La loi renforce également la décentralisation dans la gestion des terres agricoles en attribuant un rôle clé aux municipalités, appelées « communes » dans le système malien, dans l'enregistrement des droits fonciers. Il existe deux nouveaux registres qui seront gérés par les autorités municipales, notamment le maire : le registre de la possession foncière et le registre des transactions foncières. Gérer toutes ces questions au niveau local apportera une stabilité dans la gestion des terres et créera une approche ascendante pour intégrer les systèmes coutumiers au système de droit écrit.
Les droits des femmes
Malgré une constitution interdisant la discrimination fondée sur le genre, il est traditionnellement très difficile pour les femmes de posséder des terres au Mali. Elles ont généralement des droits temporaires d'utilisation des terres, qui peuvent leur être retirés à tout moment. Pour contourner cette situation et améliorer leur sécurité foncière, les femmes forment souvent des associations pour demander des terres pour leur usage collectif. La nouvelle loi s'inspire de cela pour renforcer l'accès des femmes aux terres en exigeant que 15% des terres publiques soient allouées aux associations de femmes (et à d'autres groupes vulnérables comme les jeunes).

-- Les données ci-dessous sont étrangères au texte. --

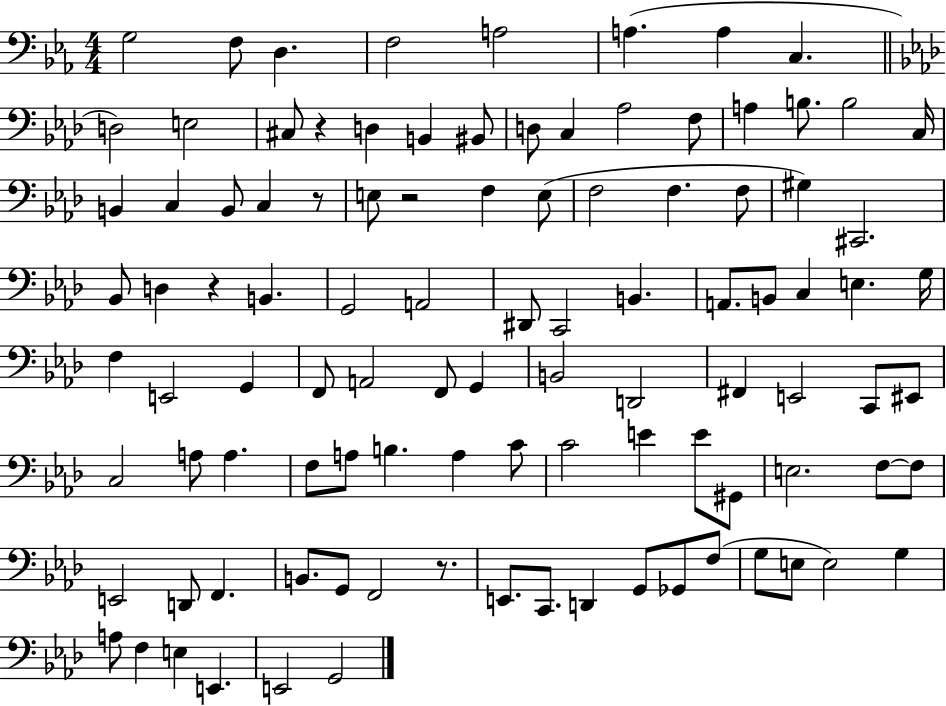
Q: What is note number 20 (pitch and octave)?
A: B3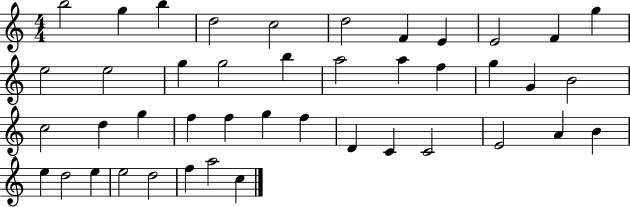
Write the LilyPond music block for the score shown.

{
  \clef treble
  \numericTimeSignature
  \time 4/4
  \key c \major
  b''2 g''4 b''4 | d''2 c''2 | d''2 f'4 e'4 | e'2 f'4 g''4 | \break e''2 e''2 | g''4 g''2 b''4 | a''2 a''4 f''4 | g''4 g'4 b'2 | \break c''2 d''4 g''4 | f''4 f''4 g''4 f''4 | d'4 c'4 c'2 | e'2 a'4 b'4 | \break e''4 d''2 e''4 | e''2 d''2 | f''4 a''2 c''4 | \bar "|."
}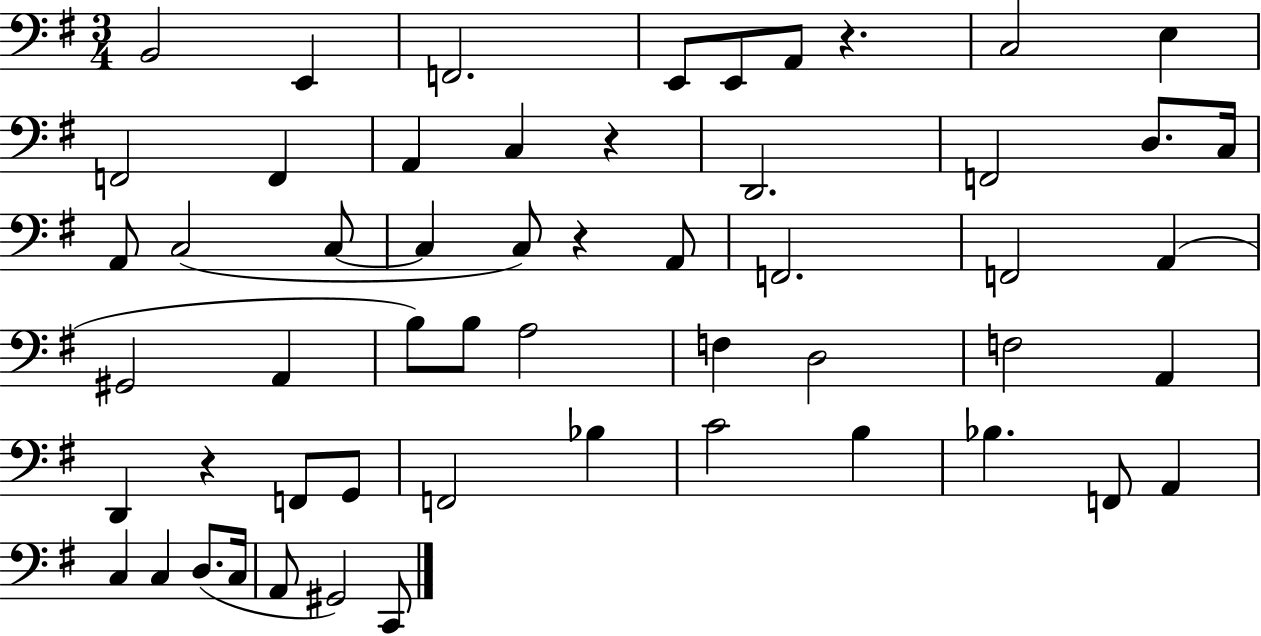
B2/h E2/q F2/h. E2/e E2/e A2/e R/q. C3/h E3/q F2/h F2/q A2/q C3/q R/q D2/h. F2/h D3/e. C3/s A2/e C3/h C3/e C3/q C3/e R/q A2/e F2/h. F2/h A2/q G#2/h A2/q B3/e B3/e A3/h F3/q D3/h F3/h A2/q D2/q R/q F2/e G2/e F2/h Bb3/q C4/h B3/q Bb3/q. F2/e A2/q C3/q C3/q D3/e. C3/s A2/e G#2/h C2/e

Cependant, la disposition qui reconnaît le droit aux communautés rurales de posséder collectivement certaines terres sur la base du droit coutumier et la tradition, présentée plus haut, pourrait perpétuer la discrimination fondée sur le sexe. Les femmes sont désavantagées par le caractère discriminatoire inhérent à certaines de ces coutumes et traditions, de sorte que ces droits fonciers collectifs pourraient porter entrave à la sécurité foncière des femmes. La loi devrait inclure des dispositions pour protéger les femmes dans ces cas. Nous avons essayé plusieurs fois de répondre à cette question, mais en fin de compte, le projet final a été adopté sans inclure des dispositions interdisant la discrimination fondée sur le genre dans la gestion coutumière des terres, ce qui aurait amélioré les coutumes selon les normes actuelles sur ces questions.

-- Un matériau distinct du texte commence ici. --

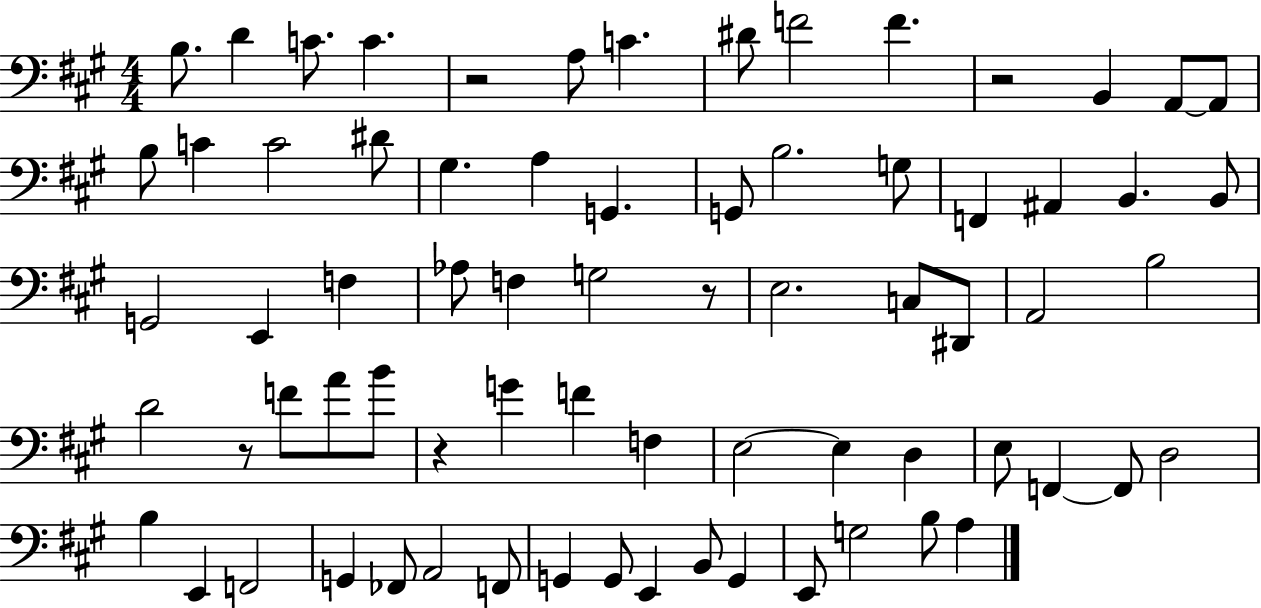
X:1
T:Untitled
M:4/4
L:1/4
K:A
B,/2 D C/2 C z2 A,/2 C ^D/2 F2 F z2 B,, A,,/2 A,,/2 B,/2 C C2 ^D/2 ^G, A, G,, G,,/2 B,2 G,/2 F,, ^A,, B,, B,,/2 G,,2 E,, F, _A,/2 F, G,2 z/2 E,2 C,/2 ^D,,/2 A,,2 B,2 D2 z/2 F/2 A/2 B/2 z G F F, E,2 E, D, E,/2 F,, F,,/2 D,2 B, E,, F,,2 G,, _F,,/2 A,,2 F,,/2 G,, G,,/2 E,, B,,/2 G,, E,,/2 G,2 B,/2 A,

La formation et la sensibilisation
S'il y a des leçons à tirer de l'adoption de la nouvelle loi et de la politique foncière, la principale sera l'importance d'inclure toutes les parties prenantes dans la préparation d'une politique de développement rural en général et de la réforme foncière en particulier. Les agriculteurs ont joué un rôle important lorsqu'ils ont été consultés et ont contribué à façonner la loi lorsqu'ils ont reçu les formations et participé aux activités de sensibilisation que nous avons organisées pour eux.

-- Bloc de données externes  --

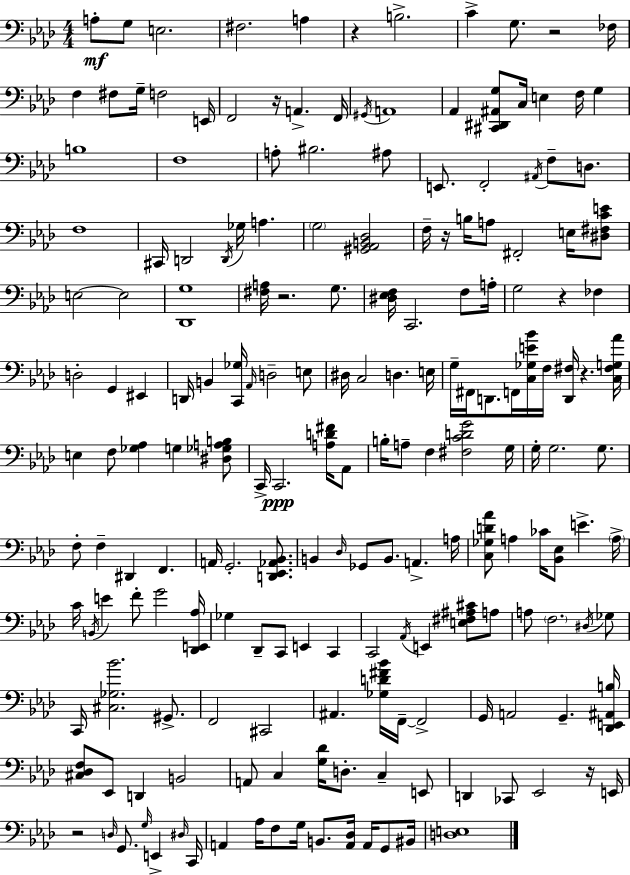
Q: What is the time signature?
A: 4/4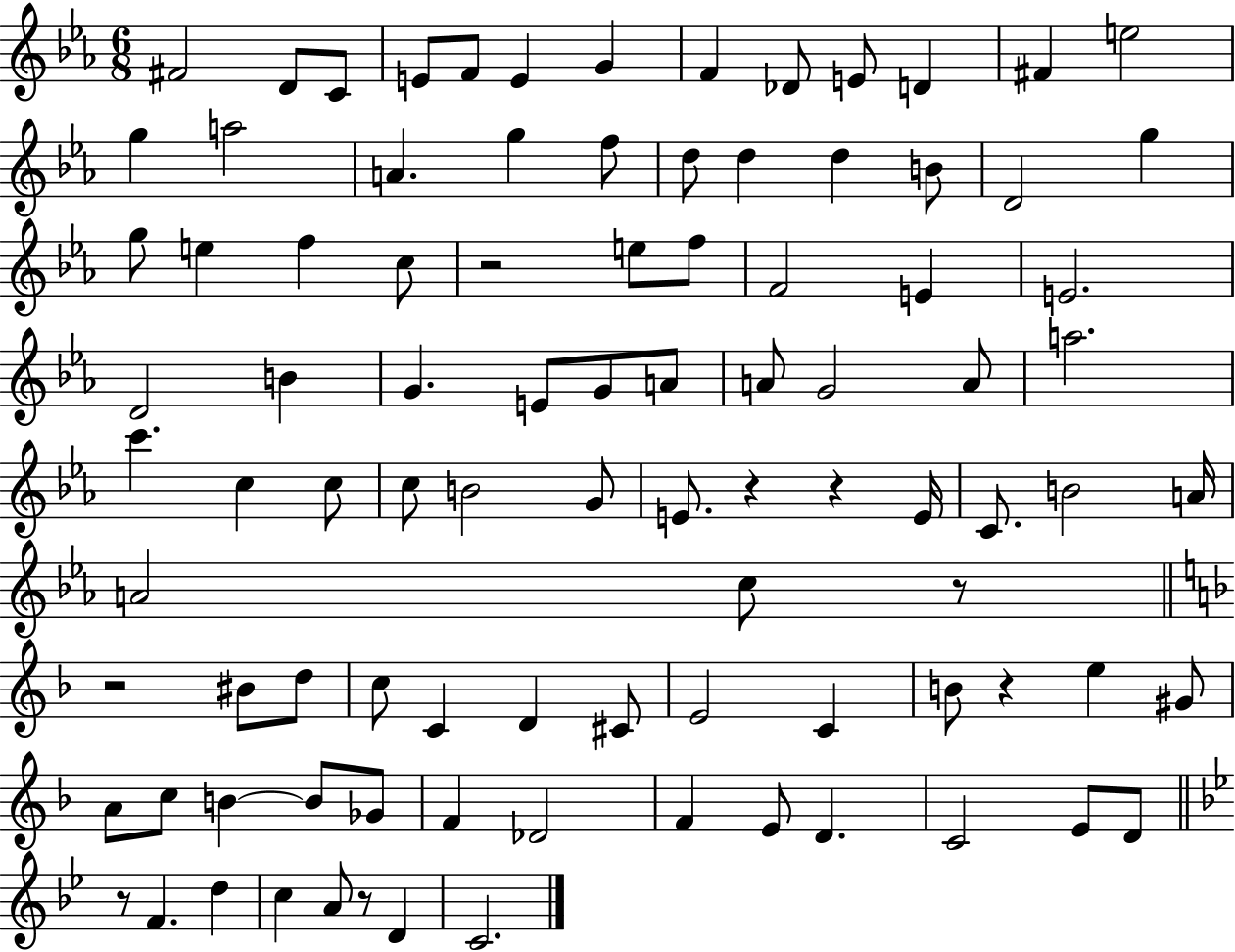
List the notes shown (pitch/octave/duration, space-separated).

F#4/h D4/e C4/e E4/e F4/e E4/q G4/q F4/q Db4/e E4/e D4/q F#4/q E5/h G5/q A5/h A4/q. G5/q F5/e D5/e D5/q D5/q B4/e D4/h G5/q G5/e E5/q F5/q C5/e R/h E5/e F5/e F4/h E4/q E4/h. D4/h B4/q G4/q. E4/e G4/e A4/e A4/e G4/h A4/e A5/h. C6/q. C5/q C5/e C5/e B4/h G4/e E4/e. R/q R/q E4/s C4/e. B4/h A4/s A4/h C5/e R/e R/h BIS4/e D5/e C5/e C4/q D4/q C#4/e E4/h C4/q B4/e R/q E5/q G#4/e A4/e C5/e B4/q B4/e Gb4/e F4/q Db4/h F4/q E4/e D4/q. C4/h E4/e D4/e R/e F4/q. D5/q C5/q A4/e R/e D4/q C4/h.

En fin de compte, toutes les parties prenantes ont eu l'occasion d'exprimer leurs points de vue et les préoccupations à prendre en compte dans le cadre de l’élaboration de la nouvelle loi. Malgré que la nouvelle politique soit plus complète et comprend beaucoup de ces points de vue et préoccupations, la loi est cependant plus concise et tient mieux compte des actions concrètes possibles en ce moment. Il y a encore des choses à préciser et à clarifier dans les mesures de mise en œuvre, mais il y a également des lacunes que les agriculteurs et les communautés rurales continueront à chercher à améliorer.
Nous continuerons d'aider à résoudre ces problèmes et ces faiblesses dans le cadre de la mise en œuvre.